The Committee noted in its first report that the predominant view was that there was a need for the establishment of an independent dispute resolution body—something that would provide an alternative to the court system. The Committee is pleased to be able to support this legislation that establishes such a body.

This body, the Superannuation Complaints Tribunal, will review decisions of trustees that have been the subject of a complaint, and have not been resolved by the trustees' internal dispute resolution mechanism.

The Treasurer has indicated that the review of some decisions will be excluded from the Tribunal's jurisdiction. These `excluded complaints' will include cases involving disability issues. The Committee has recommended that cases involving disability issues should not be automatically excluded. Rather, so-called disability cases, where the complaint essentially involves a procedural matter and cases that involve questions of legal interpretation should fall within the Tribunal's jurisdiction. It is envisaged that in procedural matters the Tribunal will use its power to remit matters with directions to the trustees.

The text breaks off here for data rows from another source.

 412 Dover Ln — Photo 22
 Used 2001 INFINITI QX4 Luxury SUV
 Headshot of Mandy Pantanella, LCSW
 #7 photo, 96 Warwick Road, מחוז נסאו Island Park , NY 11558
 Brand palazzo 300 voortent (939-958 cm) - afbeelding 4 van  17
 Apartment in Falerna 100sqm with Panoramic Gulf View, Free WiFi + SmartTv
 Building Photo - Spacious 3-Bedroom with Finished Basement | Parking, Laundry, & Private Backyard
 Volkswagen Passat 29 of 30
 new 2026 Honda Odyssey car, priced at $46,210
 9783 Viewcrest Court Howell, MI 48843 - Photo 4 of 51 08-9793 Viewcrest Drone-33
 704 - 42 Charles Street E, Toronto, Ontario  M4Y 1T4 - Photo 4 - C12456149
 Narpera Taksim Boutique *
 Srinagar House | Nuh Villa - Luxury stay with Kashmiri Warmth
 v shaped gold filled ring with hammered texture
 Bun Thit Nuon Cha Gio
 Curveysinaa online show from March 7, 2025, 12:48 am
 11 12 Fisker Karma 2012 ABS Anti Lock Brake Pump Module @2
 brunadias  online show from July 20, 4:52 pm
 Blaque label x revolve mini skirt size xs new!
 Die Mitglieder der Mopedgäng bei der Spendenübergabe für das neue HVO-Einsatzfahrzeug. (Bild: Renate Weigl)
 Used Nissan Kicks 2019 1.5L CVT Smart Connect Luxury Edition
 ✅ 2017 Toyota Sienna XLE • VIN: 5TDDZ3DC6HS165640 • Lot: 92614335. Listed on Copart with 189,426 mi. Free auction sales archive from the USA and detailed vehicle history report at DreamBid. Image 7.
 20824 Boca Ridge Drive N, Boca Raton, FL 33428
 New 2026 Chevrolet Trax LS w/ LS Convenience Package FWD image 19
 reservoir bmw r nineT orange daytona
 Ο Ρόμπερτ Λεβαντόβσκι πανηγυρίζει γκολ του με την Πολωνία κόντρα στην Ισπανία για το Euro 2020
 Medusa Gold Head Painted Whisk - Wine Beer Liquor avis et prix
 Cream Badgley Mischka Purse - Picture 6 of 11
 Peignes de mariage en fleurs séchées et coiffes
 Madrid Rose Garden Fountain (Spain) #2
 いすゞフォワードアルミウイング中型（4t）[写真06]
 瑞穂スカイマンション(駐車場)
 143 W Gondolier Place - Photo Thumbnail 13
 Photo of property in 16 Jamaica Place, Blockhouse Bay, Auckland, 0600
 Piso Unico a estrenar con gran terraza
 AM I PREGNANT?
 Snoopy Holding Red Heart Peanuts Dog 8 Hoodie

In order to achieve a structure that provides a true alternative to the court system, the legislation, as a rule, does not permit legal representation before the Tribunal, although there is a discretion to do so.

The Committee received submissions concerned about this provision and gave the issue considerable examination. The Committee was concerned to ensure that there was an appropriate balance between the objective of a fair, economical, informal and quick dispute resolution mechanism, and the necessity that consumers have access to appropriate assistance and advice in the preparation of their matters before the Tribunal.

For this reason the Committee was particularly attracted to the concept submitted by the Consumer Credit Legal Service of Victoria and the Consumer Credit Legal Centre of New South Wales. They suggested that an independent consumer advisory service, whether legal or multi-disciplinary, be established.

The roles of such a superannuation advisory service would include helping consumers to understand how to go about making their complaints; helping them to determine whether or not they have a legitimate complaint; and helping them to prepare the documents, the arguments and the proofs relevant to their case. The service would also play a role in the `macro' picture. By obtaining statistics and complaint data and by negotiating complaints, the service would be in a position to negotiate with industry and government in relation to changes in practice and policy.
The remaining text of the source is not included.